Depuis que l'entente de principe entre le Canada et l'Union européenne est signée, plusieurs ont réagi, et ce même si tous les détails ne sont toujours pas connus. Selon les informations obtenues, l'accord de libre-échange avec l'Europe dépasse largement les attentes du monde agroalimentaire canadien.

Dès le début des négociations, le gouvernement du Canada, en accord avec les provinces, a su éviter les remous qu'avait créés la signature de l'Accord de libre-échange nord-américain en 1988. Toutefois, comme c'est le cas avec tous les accords multilatéraux, certains secteurs y gagneront plus que d'autres.

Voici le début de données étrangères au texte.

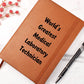 World's Greatest Medical Laboratory Technician v1 - Vegan Leather Journal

Cet accord représente un véritable coup de maître de la part du gouvernement Harper. Un coup de maître d'abord pour l'agriculture, qui est toujours un point sensible lors de négociations commerciales internationales; l'entente fait en sorte que 95% des barrières tarifaires imposées aux produits agricoles disparaîtront, et ce, dans les deux sens. Ainsi, les céréales, les oléagineux, le sirop d'érable, les produits maraîchers et plusieurs autres produits agroalimentaires seront exempts de tarifs vers l'Europe. De plus, pour les producteurs bovins et porcins, l'augmentation des quotas européens à l'importation pourrait représenter des gains dépassant le milliard de dollars.

De leur côté, les producteurs laitiers ont réagi avant même le départ de monsieur Harper pour Bruxelles. Ils sont très préoccupés par l'augmentation de plus de 17 000 tonnes du quota d'importation de fromages fins européens. Cette hausse crée une minuscule brèche dans notre système de quotas protectionnistes en ce qui concerne la production de lait et du fromage fin, en Ontario et au Québec. Ces provinces sont en droit de s'inquiéter et de demander l'aide du gouvernement fédéral pour les entreprises touchées par le traité.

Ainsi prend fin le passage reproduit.